数十年前、自分の身内にも何人か精神病院・閉鎖病棟へ入院していた人がいて閉鎖病棟内へ面会に入れてもらったこともありますがチラと見ただけでも、衛生状態や余暇を過ごすための環境は良くなかったこと、プライバシーも何もあったもんじゃなかったこと、健常な人間にとってはちょっと怖い環境だったことを覚えています。あのときもしかしてこんなことの一部でも自分の身内にもあったのだろうか、と考えるとやりきれない思いになります。

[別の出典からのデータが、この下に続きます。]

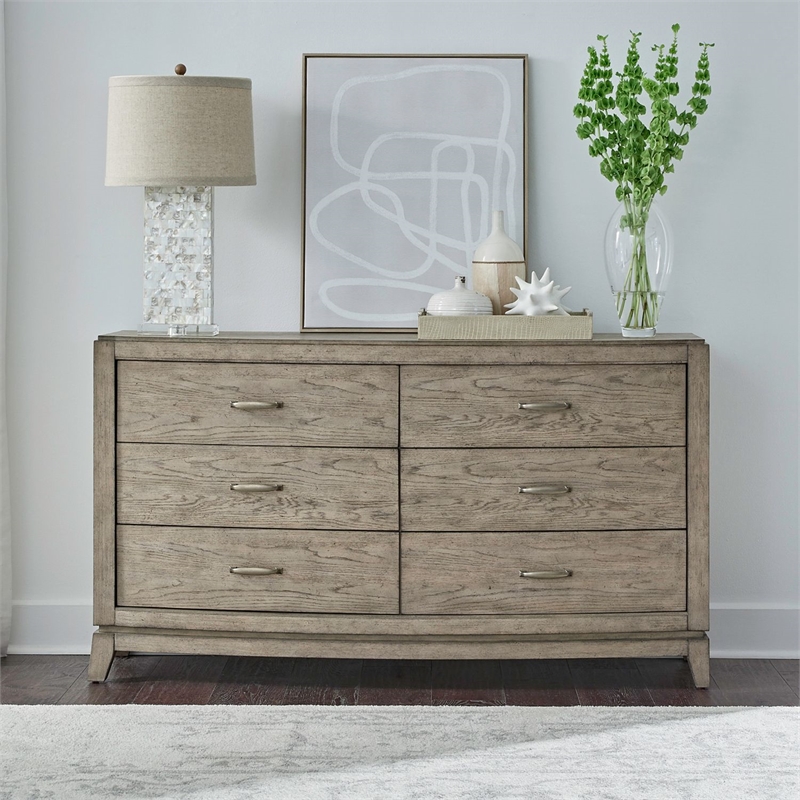 Pemberly Row 6 Drawer Dresser with Felt and Cedar Lining in Burnished Beige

こういう環境の病院はまだまだ全国にたくさんあるだろうと思います。
病気ではないひきこもりの人の強制連れ去り、役所との連携でだまし討のように入院させられるなど、これは病院体制の問題ではなく、福祉の問題ですね。福祉のこのような立ち遅れを改めて知ると暗い気持ちになりますが知らないでいることもまた許されないでしょう。
無関心な人が多い事象だと思うので本書が広く読まれることを願います。